Um seinen Auftrag zu erfüllen. Und um den Menschen ihre „Heidenangst“ zu nehmen. „Ich gehe nicht in dieses Dorf, sonst liegt ein Fluch auf mir!“ Wir müssen den Menschen Gottes Barmherzigkeit und die Frohe Botschaft bringen. Wir dürfen ihnen unseren Gott nicht vorenthalten, der alle bedingungslos annimmt und liebt.

Ich bin dankbar und froh, dass ich in der Ausbildung von Mitbrüdern tätig sein durfte. Wir haben heute einheimischen Nachwuchs, die pallottinische Spiritualität lebt weiter. Die Afrikaner müssen sich selbst missionieren. Dabei spielen die unterschiedlichen regionalen Traditionen und Stammeskulturen eine wichtige Rolle. Einheit in Vielfalt. Jede Region muss ihre eigenen Akzente setzen. Nigeria wird sich anders entwickeln als Kamerun oder Südafrika.

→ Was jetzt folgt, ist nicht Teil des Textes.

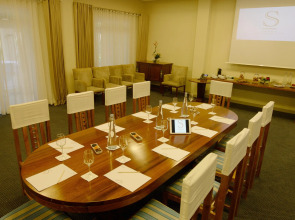 Sands Suites Resort & Spa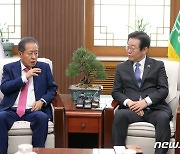 홍준표 "대통령실 정치력 부족은 팩트…김기현, 한동훈 반만이라도 해라"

Welche Rolle spielt das pallottinische?

Wir Pallottiner leben unter den Menschen und sind für sie da, das ist das Wichtigste. Wir passen uns der jeweiligen Kultur an, machen uns die Fragen der Menschen zu eigen und versuchen als Christen, Antworten zu finden. Kirche darf nicht distanziert sein, Kirche muss nah an den Menschen dran sein. Wir verändern Strukturen nicht über Nacht. Manchmal gibt es Regeln, die sich nicht über Nacht ändern lassen, die Fragen ersticken. Da brauchen wir die Freiheit der Kinder Gottes. Da müssen wir mit den Menschen nach Antworten suchen. Kirche muss lebendig für alle da sein. Keine Institution, kein Machtapparat, sondern auch eine Kirche der Armen.

Zusammenarbeit die göttlichste aller Gaben, sagt Vinzenz Pallotti. Die Zusammenarbeit aller Christen, das sogenannte Laienapostolat, ist das typisch pallottinische. Da muss sichtbar werden, wie das mit dem Ebenbild Gottes gemeint ist. Und dass wir gegenseitig und miteinander eine Verantwortung füreinander und für die Welt haben. Wir Pallottiner ermutigen die Menschen, diese Sicht weiter zu geben. Das gilt für Europa und das gilt für Afrika. Die nigerianische Kirche ist oftmals noch verschlossen und noch nicht volksnah genug. „Der Hirte muss den Geruch der Schafe an sich haben!“ sagt Papst Franziskus. Das ist der richtige Weg.